I tracked down the configuration of the NTP servers 192.168.0.1 and 
192.168.0.2. Their normal NTP configuration is shown below.  The problem 
occurred during a system upgrade on 16 Aug when the ntp.conf file of 
192.168.0.1 was accidentally truncated (empty).  This was fixed on 8 Sep to the 
normal configuration shown below.

I don't understand why sysmgr0 or sysmgr1 would ever look at the time from 192.168.0.1 
since it should have shown it was unsynced.  I suspect it has to do with the 
"prefer" keyword.  Should I file a bug report?

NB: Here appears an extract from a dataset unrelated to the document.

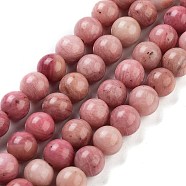 15~16 inch/strand, Round Gemstone Strand, Rhodonite, Size:about 6mm in diameter, about 59pcs/strand, hole: about 0.8mm(X-GSR6mmC018)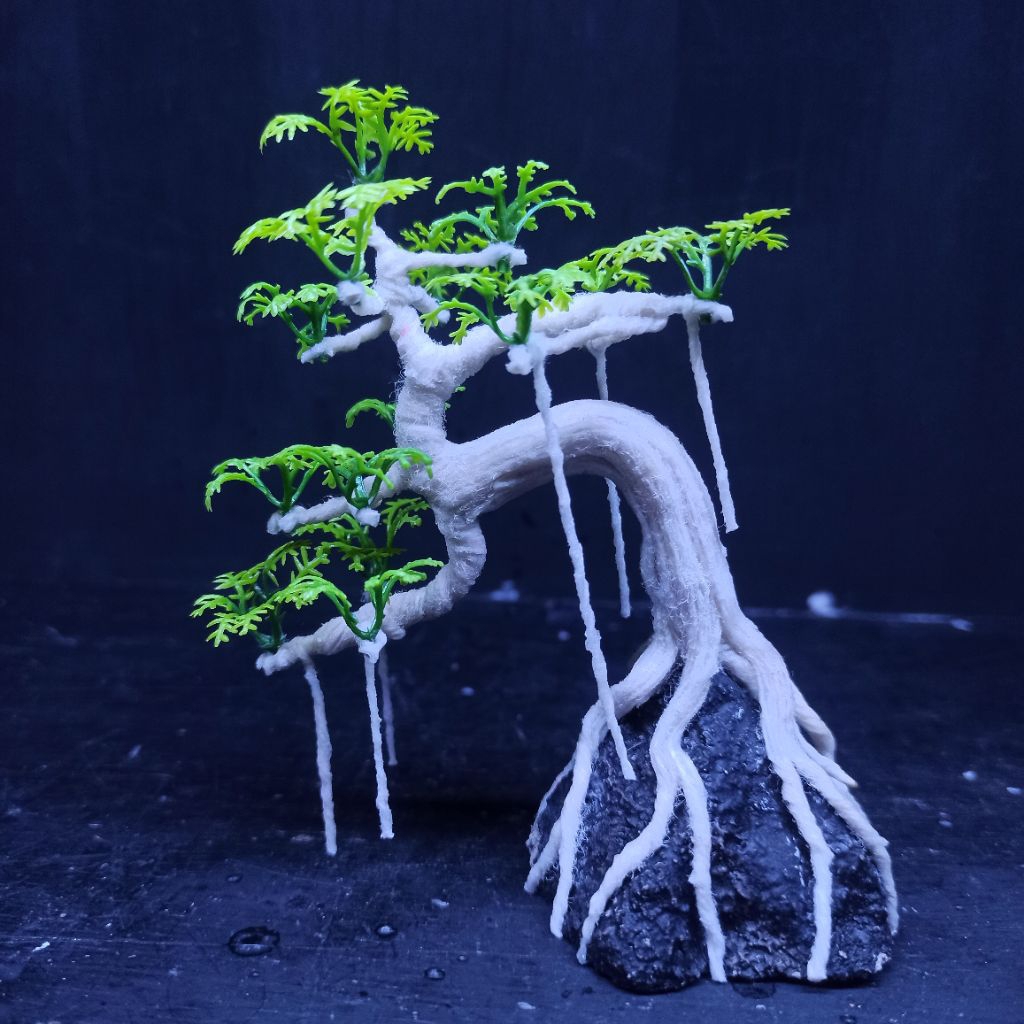 bonsai mini tinggi 10cm bonsai aquascape akuarium tank bonsai hias replika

==============================================================================
192.168.0.1
==============================================================================

  # BEGIN NTP SERVERS
  server ntp-3
  server ntp-2
  server ntp
  # END NTP SERVERS

  # BEGIN NTP PEERS
  # END NTP PEERS

  # BEGIN NTP OPTIONS
  driftfile /var/opt/NTP/ntp.drift
  statsdir /var/opt/NTP/ntpstats
  filegen peerstats file peerstatistics_log type week enable
  # END NTP OPTIONS


==============================================================================
192.168.0.2
==============================================================================

  # BEGIN NTP SERVERS
  server ntp-3
  server ntp-2
  server ntp
  # END NTP SERVERS

  # BEGIN NTP PEERS
  # END NTP PEERS

  # BEGIN NTP OPTIONS
  driftfile /var/opt/NTP/ntp.drift
  statsdir /var/opt/NTP/ntpstats
  filegen peerstats file peerstatistics_log type week enable
  # END NTP OPTIONS
#
If the
servers were using a proper reference clock as their primary source,
root dispersion would have exceeded it's maximum value when the
error was probably a lot less than a second and the servers would have
been rejected completely.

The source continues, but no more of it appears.